BBB seminar: Rune Blomhoff
Molecular imaging as a tool for studying dietary regulation of gene expression
Department of Nutrition, Institute of Basic Medical Sciences, University of Oslo
The human diet contains several thousand different molecules, many of these with quite potent biological activity. A number of dietary compounds have significant direct or indirect effects on signal transduction and gene expression. The specific physiological effects are not easy to predict from in vitro studies using cell cultures and cell-free model systems. Since the cellular environment is of crucial importance for regulation of gene expression, we have developed a novel in vivo model which enables real-time imaging of gene expression in living mice. Application of genomic tools to study the integrated effects of nutrients on gene regulation holds great promise in increasing the understanding of how nutrients affect molecular events, and eventually health and disease in an intact organism.
Previous studies had demonstrated that it was possible to image luciferase labelled bacteria inoculated in mice in vivo. This suggested to us that it would also be possible to detect light from internal organs of luciferase transgenic mice. We therefore developed transgenic mice using the reporter luciferase controlled by small response elements or complete promoters. Following injection of the substrate, luciferin, light can be detected externally from these transgenic animals by sensitive CCD video cameras.
In such models, we have shown that the strength of the light reflects gene expression or transactivation of the specific response element that controls the luciferase.

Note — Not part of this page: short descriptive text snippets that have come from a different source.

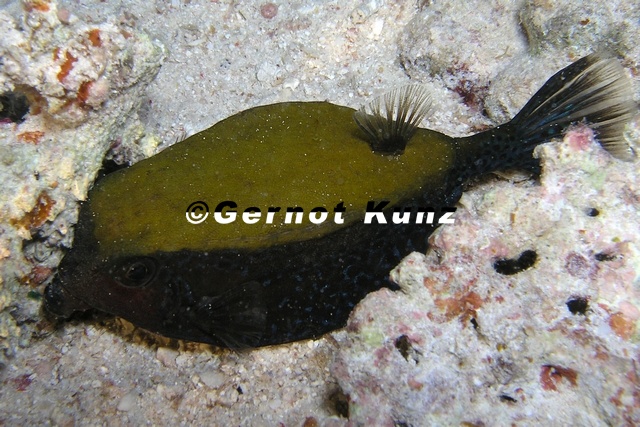 Ostracion_cyanurus__Arabischer_Kofferfisch_1_2.jpg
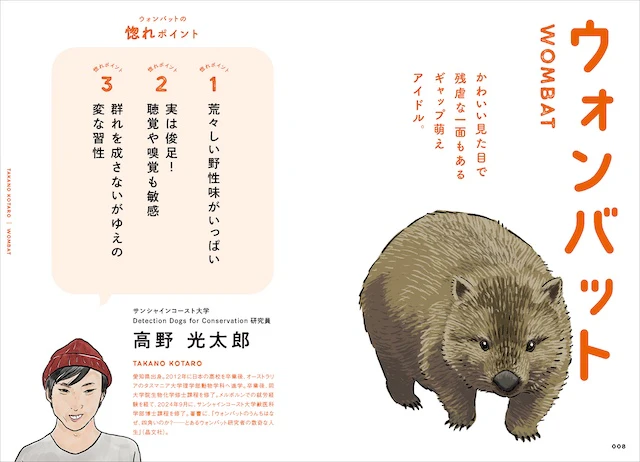 ウォンバット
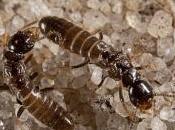 Don’t Often Hear About Termite Related Death.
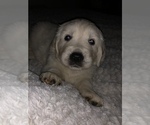 Small Photo #6 Golden Retriever Puppy For Sale in PEORIA, AZ, USA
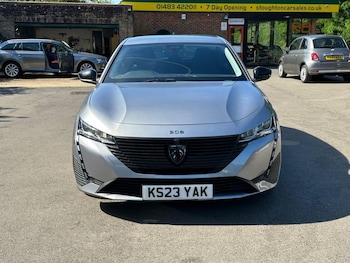 Used Peugeot 308 2023 for sale - 79142407: Photo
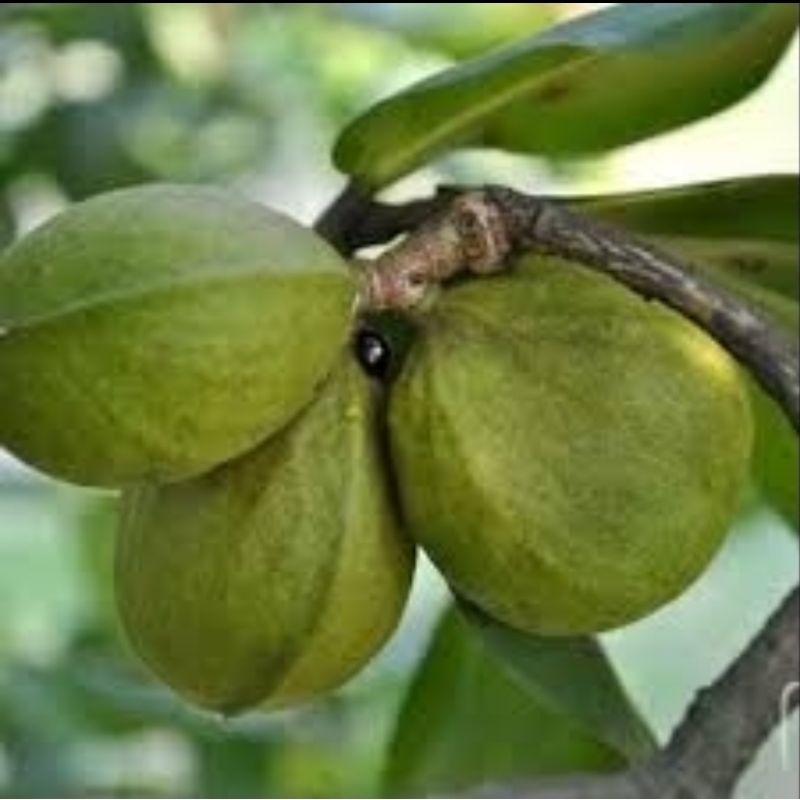 gayam obat kanker per buah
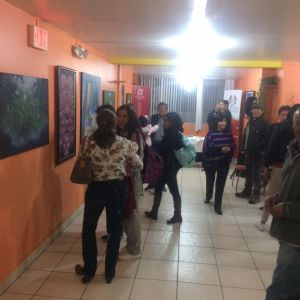 Muestra De Pintura Y Escultura De Integrantes Del Colegio De Artistas De Pichincha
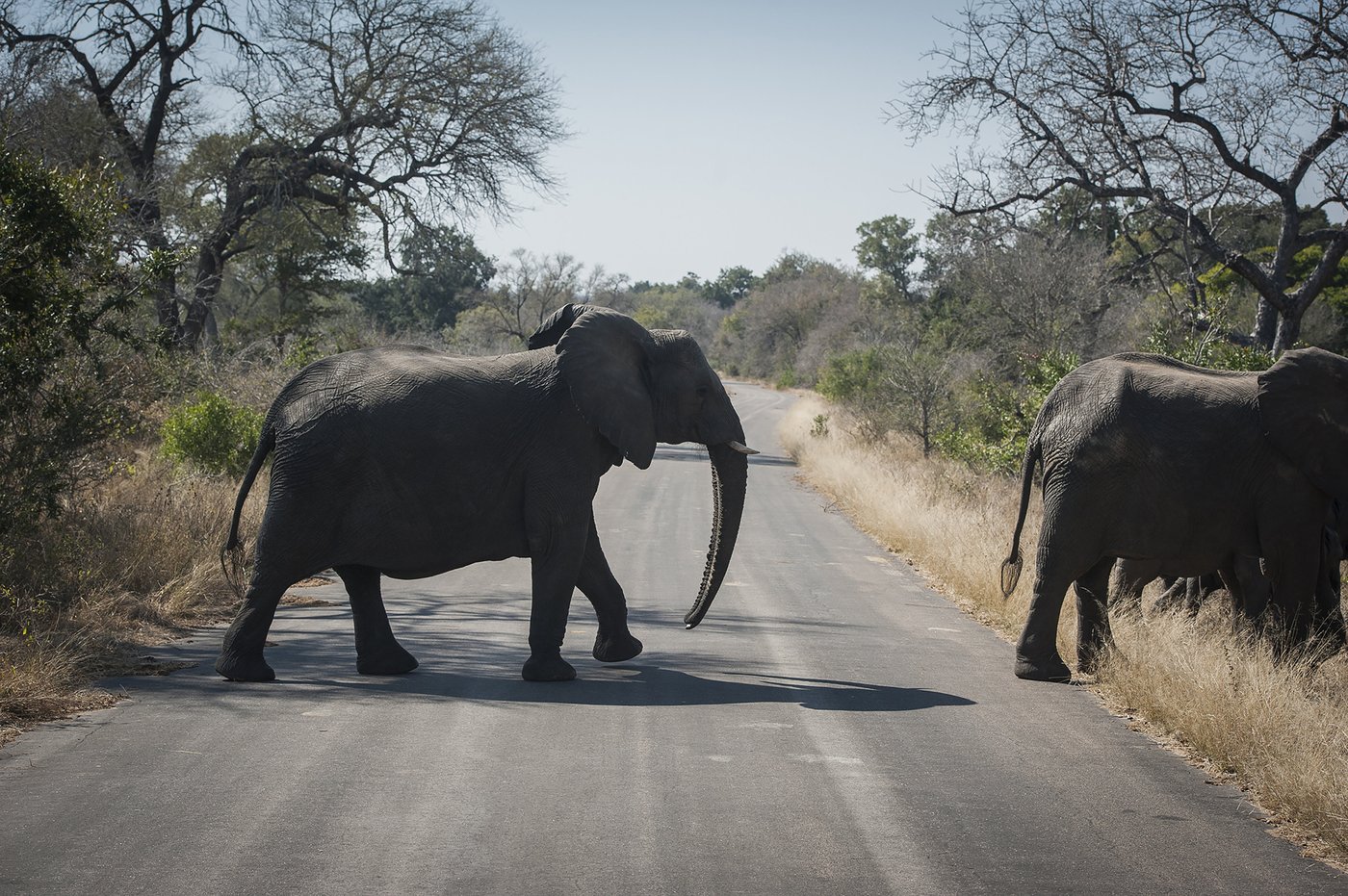 Canadian shot dead at South Africa wildlife park in apparent accident: officials | iNFOnews.ca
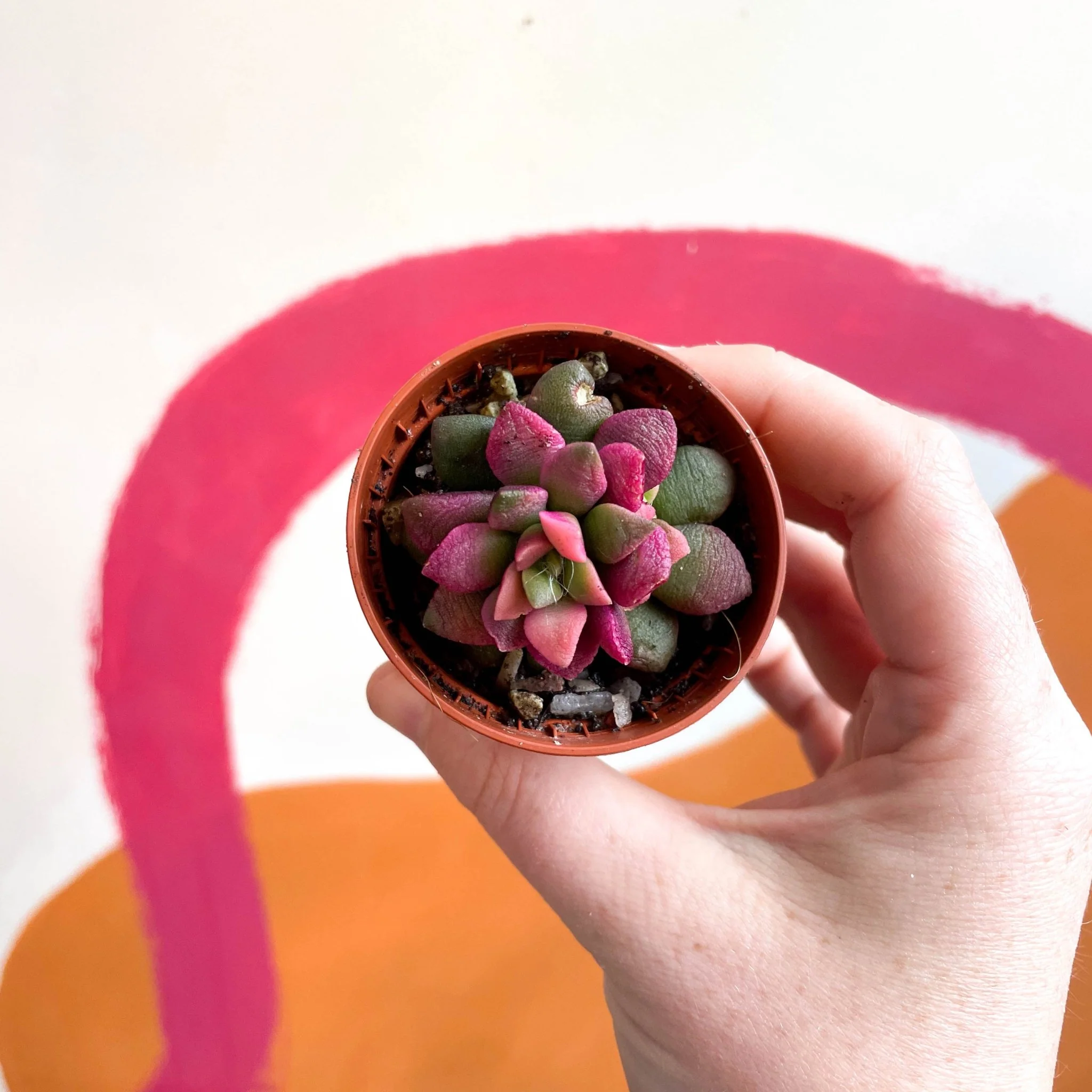 Sunrise Succulent - Anacampseros rufescens ‘Sunrise’ - Image 2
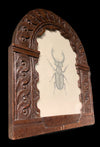 Stag beetle, presented in an English, 17th Century hand-carved oak frame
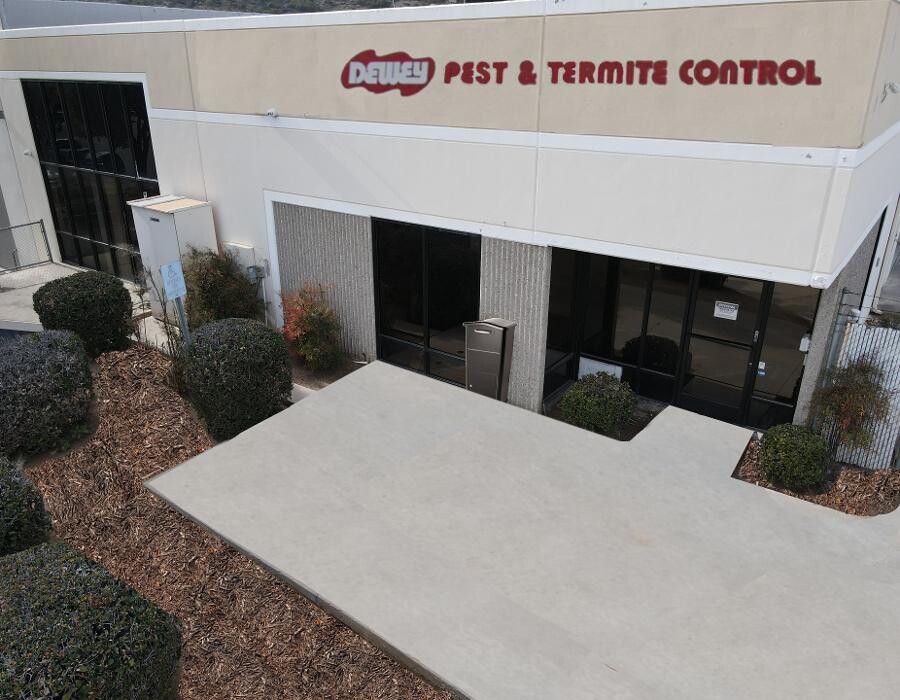 Images Dewey Pest & Termite Control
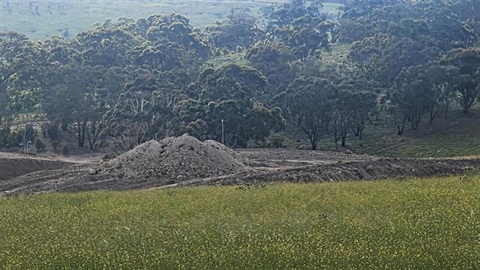 A landscape with long grass in the foreground, piles of soil with trees in the background.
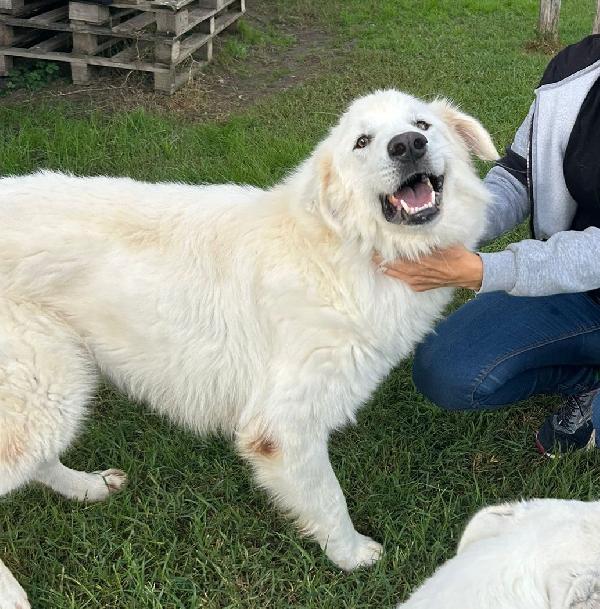 Spartaco, manto candido come il suo ❤️ Foto 2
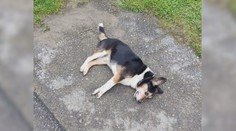 Nepochopiteľná krutosť. Muž zastrelil z okna neškodného túlavého psa, ktorého si obľúbila celá dedina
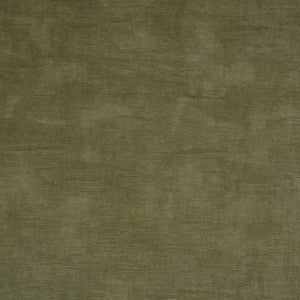 Greenhouse Fabric B9888 Olive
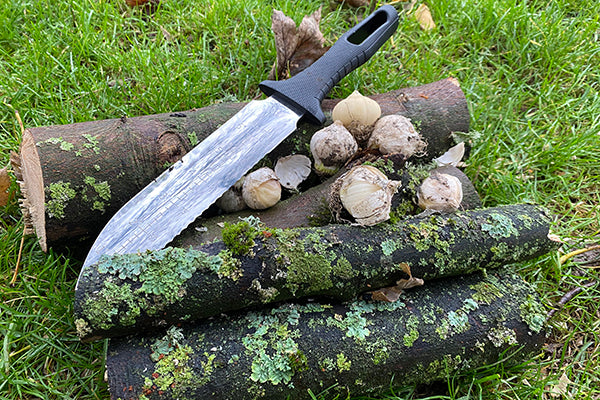 Genus Japanese silver gardening Knife in a garden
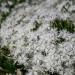 Dianthus Arenarius White Blooms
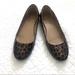 J. Crew Shoes | J Crew Patent Leather Animal Print Flats | Color: Black/Brown | Size: 8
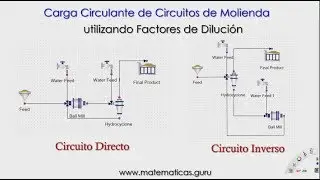 Cálculo de carga circulante utilizando factores de dilución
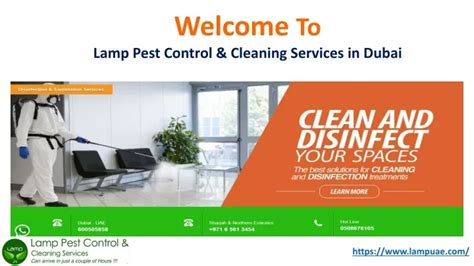 Ppt Pest Control Company Dubai Powerpoint Presentation Free Download Id12921862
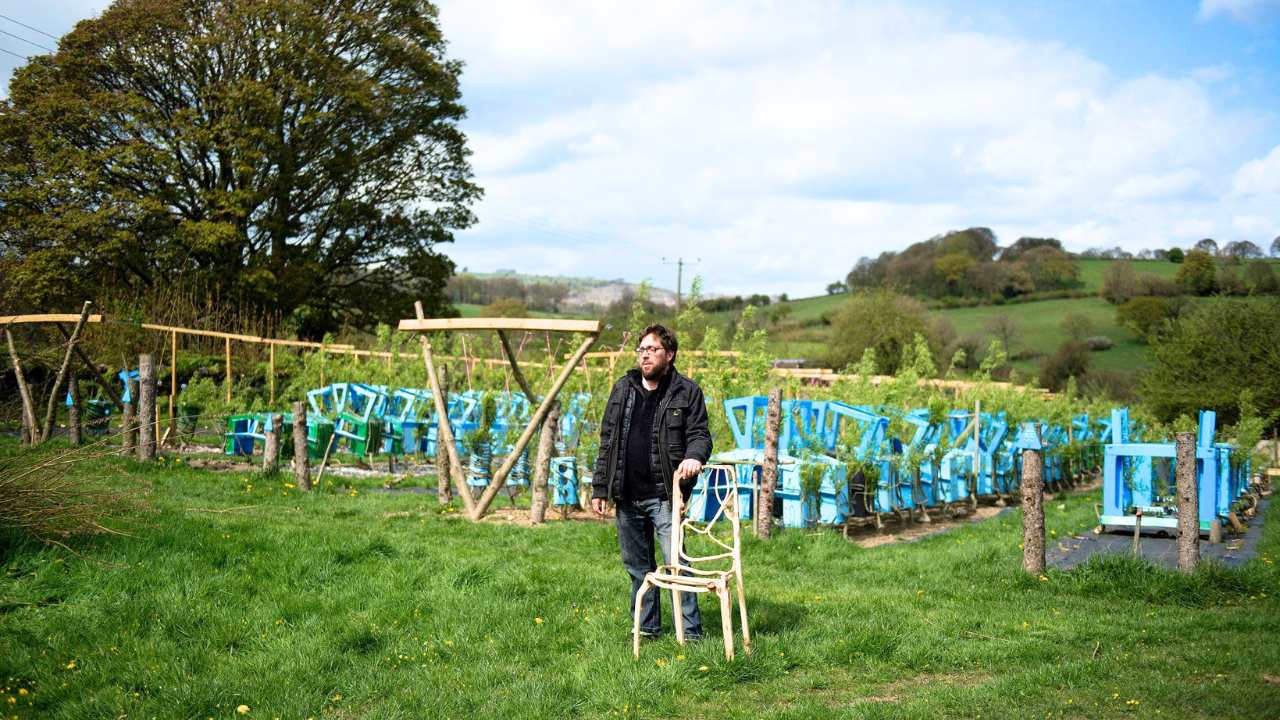 How a UK couple grows chair from living trees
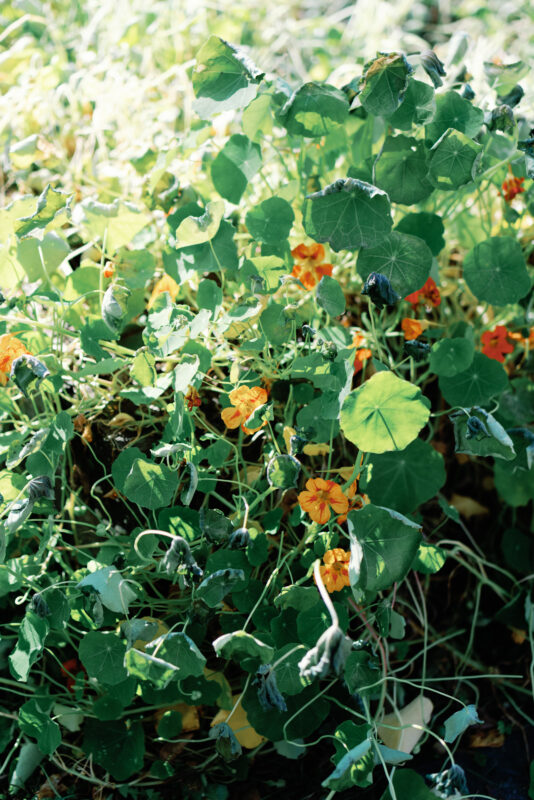 A flower dotted patch of nasturtium illuminated by the late day sun.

In a large panel of transgenic reporter mice we are now elucidating the role of nutrients, pharmacological drugs or other environmental factors in regulation of disease-related genes in vivo. The transgenic reporter mice include luciferase controlled by NF-kB response elements, electrophilic response elements, retinoic acid response elements, γ GCS promoter, heme oxygenase type 1 promoter, superoxide dismutase type 1 promoter and interleukin-2 promoter, as well as a protein kinase A sensitive luciferase reporter where the luciferase activity is tuned off in the presence of PKA activators.
Host: Marit Bakke, Department of Biomedicine
A major scientific interest of Professor Rune Blomhoff is to unravel the effects of dietary compounds on signal transduction and gene regulation. As a tool to investigate changes in gene transcription in an in vivo setting, Blomhoff has, as one of the pioneers in the field, developed transgenic mouse models that enable real-time imaging of gene expression in living animals. In addition to having developed molecular imaging in transgenic mice, Rune Blomhoff is internationally recognised for his considerable contributions to our present understanding of the absorption, transport, storage and function of vitamin A (retinoids). He has published about 150 research papers and received numerous awards for his scientific work and innovations.